▸ Records to process
== == ==

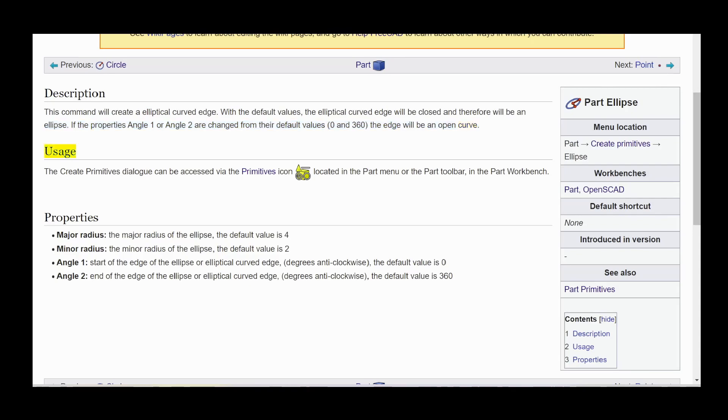The create primitives dialog can be accessed via the primitives icon located in the part menu or the part toolbar, in the part workbench.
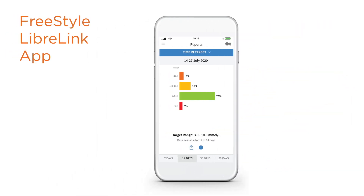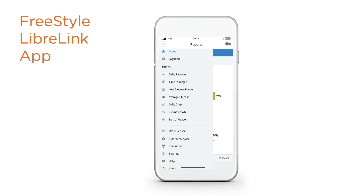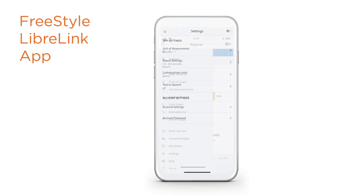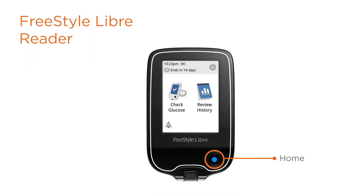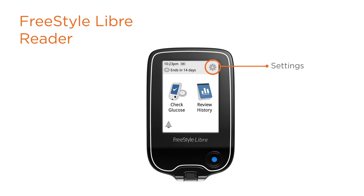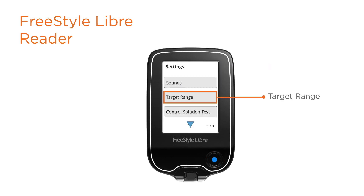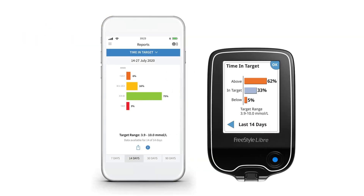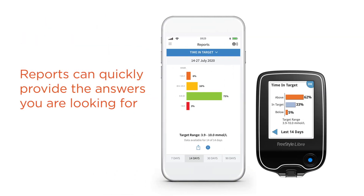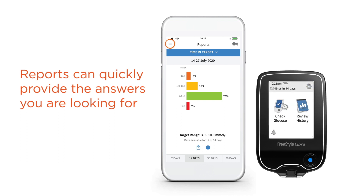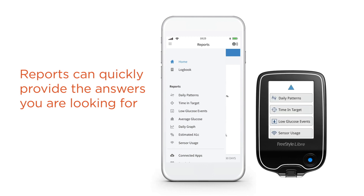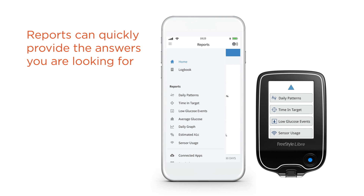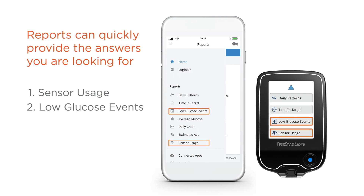You can check your target settings by going to menu, settings, report settings. Freestyle Libre reports quickly give you the answers you are looking for. To see your reports, click the menu button in your Freestyle Libre link app or access the menu on your reader. The reports we're going to look at are sensor usage, low glucose events, time and target, and daily patterns.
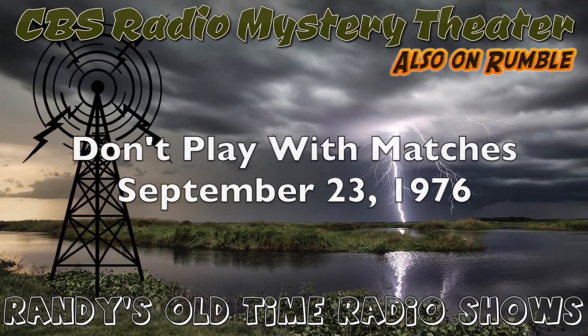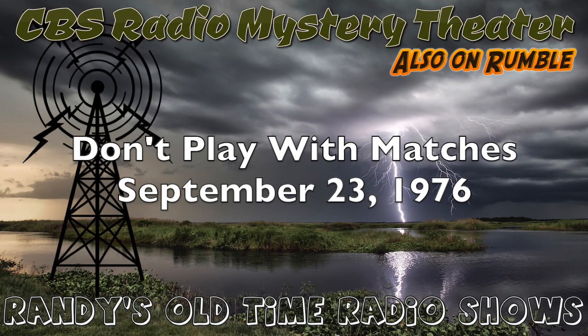The CBS Radio Mystery Theater presents...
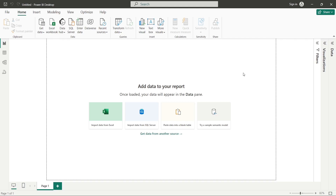Welcome everyone to this video. We will create a Power BI report similar to what you've seen in the thumbnail. The dataset is related to gym exercises. This is a new playlist focused on the aesthetics part of the report, and we will try to create the report in the least possible time.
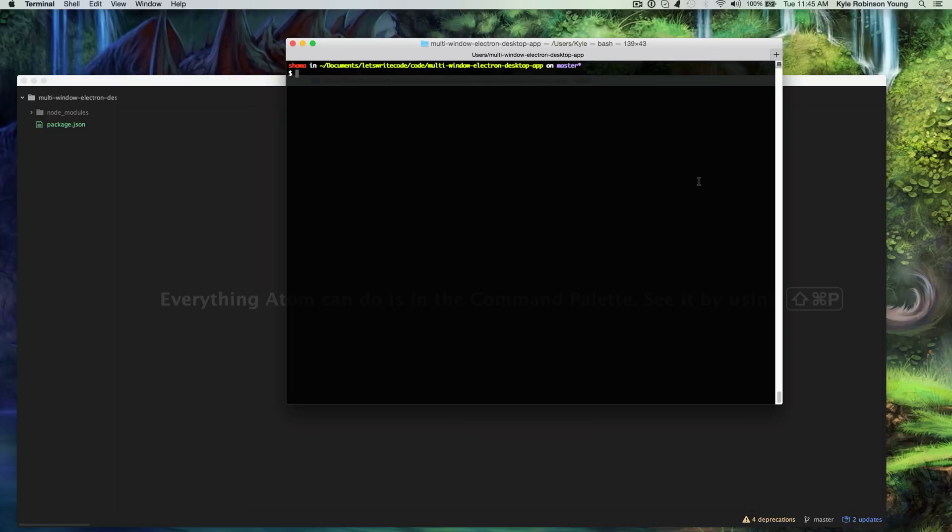Hello again, this is Kyle. Let's write some code. Today we're going to create multi-window desktop applications using Electron. It's just going to be a simple app that communicates through multiple windows, just to give you a sense of how Electron can piece things together.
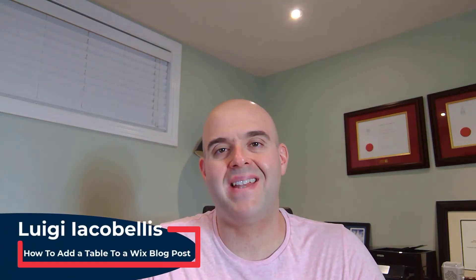Hey there, Louis Iacobellis here. In this tutorial I'm going to show you how to add a table to a blog post on a Wix website.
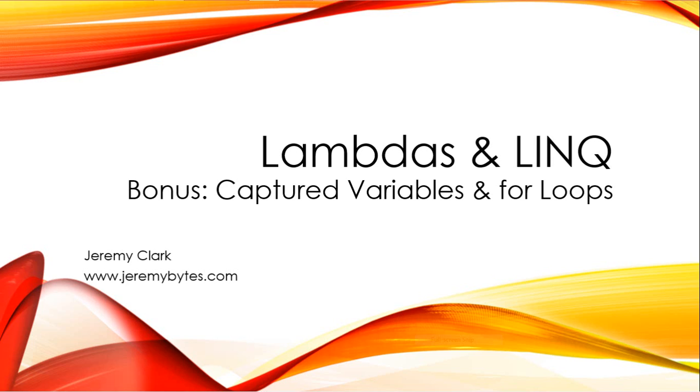To get more information and links to the code on GitHub just follow the links for this video or visit www.jeremybytes.com where you'll find links to this and other videos in the series. Thanks for joining me and we'll see you next time.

== == ==

▸ About this task
An exact copy of the material above is required, minus its images.

▸ Solution for this task
The create primitives dialog can be accessed via the primitives icon located in the part menu or the part toolbar, in the part workbench.
You can check your target settings by going to menu, settings, report settings. Freestyle Libre reports quickly give you the answers you are looking for. To see your reports, click the menu button in your Freestyle Libre link app or access the menu on your reader. The reports we're going to look at are sensor usage, low glucose events, time and target, and daily patterns.
The CBS Radio Mystery Theater presents...
Welcome everyone to this video. We will create a Power BI report similar to what you've seen in the thumbnail. The dataset is related to gym exercises. This is a new playlist focused on the aesthetics part of the report, and we will try to create the report in the least possible time.
Hello again, this is Kyle. Let's write some code. Today we're going to create multi-window desktop applications using Electron. It's just going to be a simple app that communicates through multiple windows, just to give you a sense of how Electron can piece things together.
Hey there, Louis Iacobellis here. In this tutorial I'm going to show you how to add a table to a blog post on a Wix website.
To get more information and links to the code on GitHub just follow the links for this video or visit www.jeremybytes.com where you'll find links to this and other videos in the series. Thanks for joining me and we'll see you next time.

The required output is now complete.